A relação com Trump, além de chama-o de “camarada”, Maduro contribuiu com meio milhão de dólares para a festa da posse de Trump através da CITGO (filial da PDVESA e sexta refinaria dos EUA). Que não existe nenhuma guerra contra o “império” é possível de constatar no pagamento rigoroso da dívida externa, sem sequer fazer uma auditoria […]
Também, a criação das Zonas Econômicas Especiais faz reviver o projeto do FMI e o ex presidente Caldera (COPEI/social cristã) dos anos 90 e que significa a liberalização total de parte do território. Em 2014/2015 Maduro criou a ZEE de Paranaguá (estado Falcón); a ZEE de Ureña (estado Táchira) e a Zona de desenvolvimento estratégico da Faixa Petrolífero do Orinoco chamada Hugo Chávez – a maior reserva certificada de hidrocarbonetos do mundo- para facilitar as empresas privadas de China, Japão, Europa e América Latina, segundo eles afirmam.

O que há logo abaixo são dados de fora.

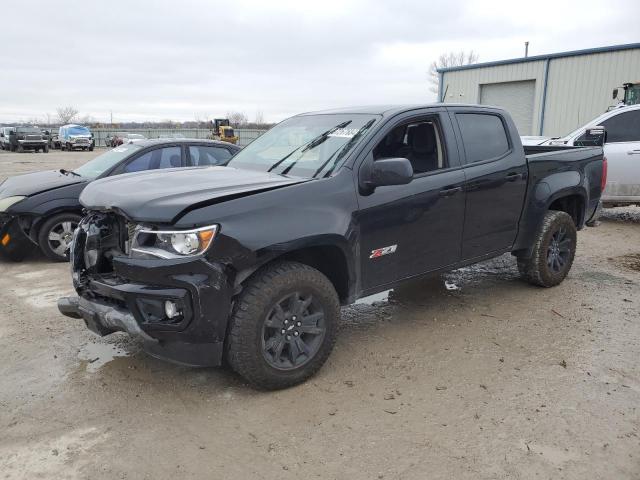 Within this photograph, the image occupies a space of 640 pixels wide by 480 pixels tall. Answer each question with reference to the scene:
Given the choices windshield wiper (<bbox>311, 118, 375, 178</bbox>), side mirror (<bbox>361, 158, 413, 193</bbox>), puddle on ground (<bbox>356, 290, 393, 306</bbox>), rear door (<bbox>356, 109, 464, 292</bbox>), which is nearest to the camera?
side mirror (<bbox>361, 158, 413, 193</bbox>)

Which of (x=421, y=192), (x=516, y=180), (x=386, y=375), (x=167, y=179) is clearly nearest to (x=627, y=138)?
(x=516, y=180)

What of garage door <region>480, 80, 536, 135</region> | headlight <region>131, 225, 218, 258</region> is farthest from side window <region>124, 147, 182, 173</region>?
garage door <region>480, 80, 536, 135</region>

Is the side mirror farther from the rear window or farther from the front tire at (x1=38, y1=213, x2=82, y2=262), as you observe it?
the rear window

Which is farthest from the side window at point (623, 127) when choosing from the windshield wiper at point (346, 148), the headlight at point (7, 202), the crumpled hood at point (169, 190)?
the headlight at point (7, 202)

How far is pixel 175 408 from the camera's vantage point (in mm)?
3291

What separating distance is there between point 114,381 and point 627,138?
9112 mm

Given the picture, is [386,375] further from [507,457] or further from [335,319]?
[507,457]

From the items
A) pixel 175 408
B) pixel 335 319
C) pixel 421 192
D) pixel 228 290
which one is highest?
pixel 421 192

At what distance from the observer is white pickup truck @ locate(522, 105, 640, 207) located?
8992mm

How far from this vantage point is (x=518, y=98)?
76.9ft

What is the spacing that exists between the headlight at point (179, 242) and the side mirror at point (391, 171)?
1188 mm

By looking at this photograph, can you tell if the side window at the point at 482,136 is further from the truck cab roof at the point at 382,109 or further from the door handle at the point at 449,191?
the door handle at the point at 449,191

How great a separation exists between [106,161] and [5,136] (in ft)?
132

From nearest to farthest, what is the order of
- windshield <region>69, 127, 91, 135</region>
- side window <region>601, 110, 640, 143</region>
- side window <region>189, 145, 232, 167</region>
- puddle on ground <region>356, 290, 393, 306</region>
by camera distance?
puddle on ground <region>356, 290, 393, 306</region>, side window <region>189, 145, 232, 167</region>, side window <region>601, 110, 640, 143</region>, windshield <region>69, 127, 91, 135</region> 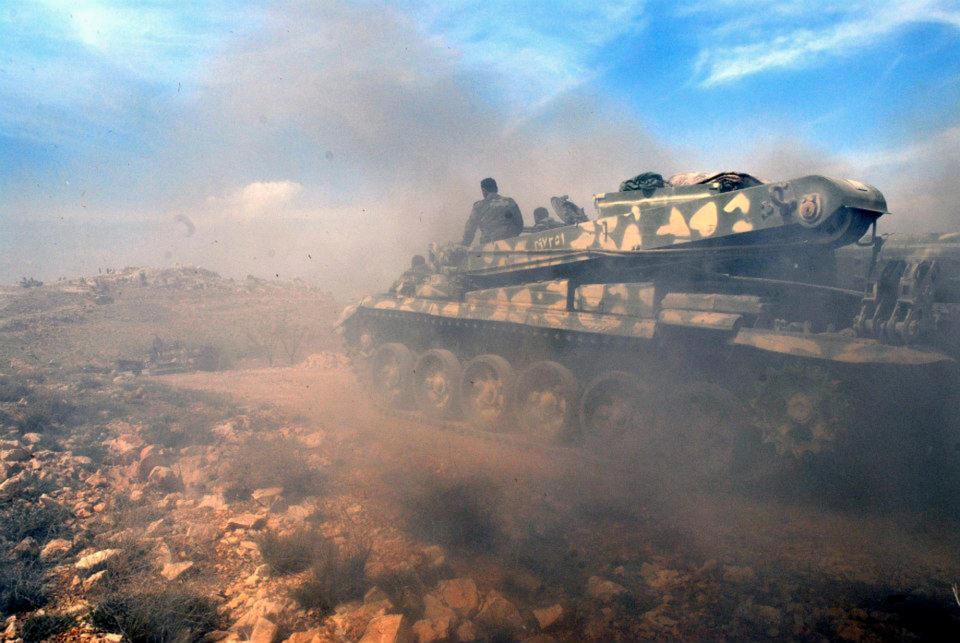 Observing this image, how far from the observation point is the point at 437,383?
995cm

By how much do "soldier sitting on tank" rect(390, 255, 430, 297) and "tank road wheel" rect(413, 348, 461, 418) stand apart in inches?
54.3

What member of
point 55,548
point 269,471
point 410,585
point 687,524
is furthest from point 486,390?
point 55,548

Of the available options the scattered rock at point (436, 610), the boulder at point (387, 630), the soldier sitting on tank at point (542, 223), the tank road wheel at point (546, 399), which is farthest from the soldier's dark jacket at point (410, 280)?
the boulder at point (387, 630)

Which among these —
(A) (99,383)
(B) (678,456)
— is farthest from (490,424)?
(A) (99,383)

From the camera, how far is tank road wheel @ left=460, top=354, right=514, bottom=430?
8.80 meters

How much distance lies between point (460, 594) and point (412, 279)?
7.37 metres

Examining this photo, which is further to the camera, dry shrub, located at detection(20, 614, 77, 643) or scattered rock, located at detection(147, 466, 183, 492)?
scattered rock, located at detection(147, 466, 183, 492)

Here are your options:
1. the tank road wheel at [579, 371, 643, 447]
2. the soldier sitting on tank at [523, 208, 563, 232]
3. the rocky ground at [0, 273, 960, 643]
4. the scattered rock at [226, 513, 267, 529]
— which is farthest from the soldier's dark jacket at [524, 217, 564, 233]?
the scattered rock at [226, 513, 267, 529]

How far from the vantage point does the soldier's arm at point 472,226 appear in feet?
32.1

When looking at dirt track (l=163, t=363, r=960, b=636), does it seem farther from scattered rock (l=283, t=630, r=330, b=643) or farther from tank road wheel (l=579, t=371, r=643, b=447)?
scattered rock (l=283, t=630, r=330, b=643)

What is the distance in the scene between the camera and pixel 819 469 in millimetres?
5898

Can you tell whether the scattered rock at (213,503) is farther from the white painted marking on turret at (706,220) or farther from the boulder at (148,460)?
the white painted marking on turret at (706,220)

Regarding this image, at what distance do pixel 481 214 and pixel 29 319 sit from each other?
53.9ft

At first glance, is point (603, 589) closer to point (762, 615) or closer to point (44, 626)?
point (762, 615) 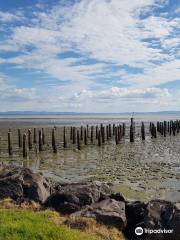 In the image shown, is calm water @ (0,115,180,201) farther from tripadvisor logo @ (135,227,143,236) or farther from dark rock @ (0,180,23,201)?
tripadvisor logo @ (135,227,143,236)

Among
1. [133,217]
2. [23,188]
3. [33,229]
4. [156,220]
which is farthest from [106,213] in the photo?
[23,188]

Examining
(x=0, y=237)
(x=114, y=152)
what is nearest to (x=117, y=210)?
(x=0, y=237)

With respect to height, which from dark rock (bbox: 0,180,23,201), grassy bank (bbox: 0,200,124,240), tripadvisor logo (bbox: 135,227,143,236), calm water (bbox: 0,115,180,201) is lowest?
calm water (bbox: 0,115,180,201)

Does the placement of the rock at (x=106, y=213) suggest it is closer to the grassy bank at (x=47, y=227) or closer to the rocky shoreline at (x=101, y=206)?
the rocky shoreline at (x=101, y=206)

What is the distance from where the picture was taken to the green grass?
8.45 meters

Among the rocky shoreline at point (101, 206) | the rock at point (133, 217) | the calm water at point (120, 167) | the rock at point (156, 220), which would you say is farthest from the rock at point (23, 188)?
the calm water at point (120, 167)

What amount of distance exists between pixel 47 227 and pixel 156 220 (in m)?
2.85

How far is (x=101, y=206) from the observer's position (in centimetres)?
1053

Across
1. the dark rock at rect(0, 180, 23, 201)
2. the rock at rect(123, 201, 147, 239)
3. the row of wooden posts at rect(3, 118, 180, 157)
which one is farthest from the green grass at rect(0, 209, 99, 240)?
the row of wooden posts at rect(3, 118, 180, 157)

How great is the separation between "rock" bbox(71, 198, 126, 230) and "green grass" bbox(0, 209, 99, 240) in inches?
38.2

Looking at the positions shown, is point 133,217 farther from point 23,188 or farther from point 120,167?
point 120,167

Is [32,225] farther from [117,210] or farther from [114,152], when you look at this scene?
[114,152]

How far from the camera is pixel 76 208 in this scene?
10.9 m

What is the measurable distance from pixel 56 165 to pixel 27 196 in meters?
14.8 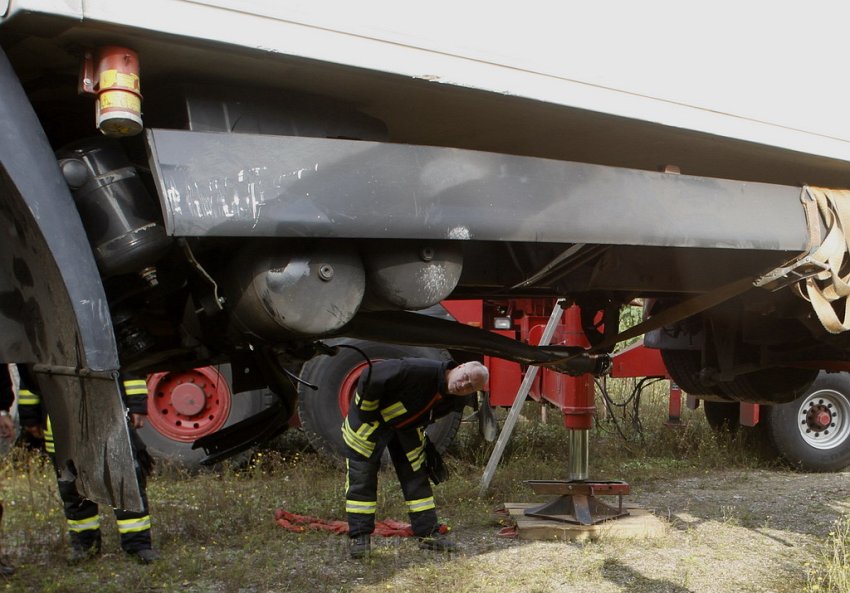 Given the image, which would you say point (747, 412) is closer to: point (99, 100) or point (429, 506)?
point (429, 506)

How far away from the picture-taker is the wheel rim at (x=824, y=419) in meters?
6.98

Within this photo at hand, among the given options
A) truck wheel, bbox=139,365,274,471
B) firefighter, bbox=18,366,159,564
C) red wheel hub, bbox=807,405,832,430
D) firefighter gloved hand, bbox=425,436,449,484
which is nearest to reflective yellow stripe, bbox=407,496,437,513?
firefighter gloved hand, bbox=425,436,449,484

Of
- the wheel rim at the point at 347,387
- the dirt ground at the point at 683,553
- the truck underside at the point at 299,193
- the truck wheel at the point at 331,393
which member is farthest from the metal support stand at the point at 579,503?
the truck underside at the point at 299,193

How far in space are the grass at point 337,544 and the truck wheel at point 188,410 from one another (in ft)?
0.56

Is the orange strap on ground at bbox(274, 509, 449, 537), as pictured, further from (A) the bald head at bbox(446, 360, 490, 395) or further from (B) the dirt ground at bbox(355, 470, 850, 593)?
(A) the bald head at bbox(446, 360, 490, 395)

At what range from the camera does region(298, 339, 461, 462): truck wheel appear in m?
5.82

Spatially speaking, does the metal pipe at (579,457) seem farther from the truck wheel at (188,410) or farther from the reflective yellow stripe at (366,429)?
the truck wheel at (188,410)

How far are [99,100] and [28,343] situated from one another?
0.61 meters

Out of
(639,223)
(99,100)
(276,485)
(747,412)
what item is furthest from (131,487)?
(747,412)

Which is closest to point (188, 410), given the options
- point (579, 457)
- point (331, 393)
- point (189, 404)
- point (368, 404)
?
point (189, 404)

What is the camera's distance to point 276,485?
5.68 m

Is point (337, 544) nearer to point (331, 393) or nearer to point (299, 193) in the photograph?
point (331, 393)

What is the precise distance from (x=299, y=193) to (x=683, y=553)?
351 cm

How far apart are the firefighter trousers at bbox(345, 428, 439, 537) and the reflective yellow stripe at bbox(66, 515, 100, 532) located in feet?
4.24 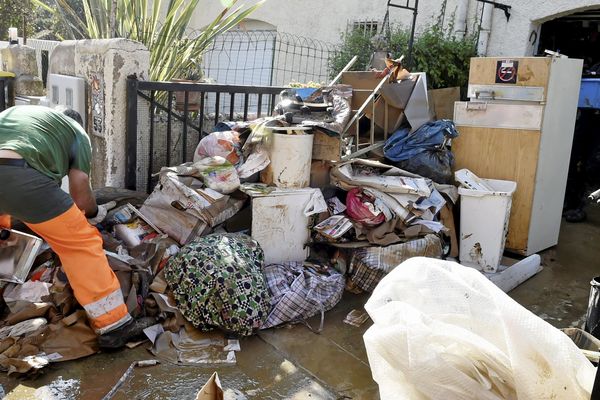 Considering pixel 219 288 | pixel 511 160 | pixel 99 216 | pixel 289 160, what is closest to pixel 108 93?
pixel 99 216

A RELAÇÃO COM AS FORÇAS ARMADAS
As forças armadas são o pilar decisivo do governo. Maduro incrementou seu papel político e econômico. Assim, dos 32 ministros, 11 são militares –como o das finanças ou da Alimentação – além de controlar 50% dos governadores. Em setembro de 2016 Maduro os colocou à frente do controle da distribuição de alimentos. As forças Armadas têm dezenas de empresas e atuam como um autêntico holding corporativo: têm empresas de vigilância de valores, de transportes, um banco comercial, uma empresa têxtil, tudo financiado com dinheiro público. Em fevereiro de 2016 foi criada a Companhia Anônima Militar de Indústrias Mineiras, petroleiras e de Gás (CAMIMPEG) por fora do controle do Ministério de Petróleo e da Assembleia Nacional.
*LI-Luta Internacionalista, seção oficial da UIT/QI do Estado Espanhol ** FEDECÂMARAS. Federação patronal venezuelana que encabeçou o golpe contra Chávez em 2002. Entidade similar à FIESP brasileira.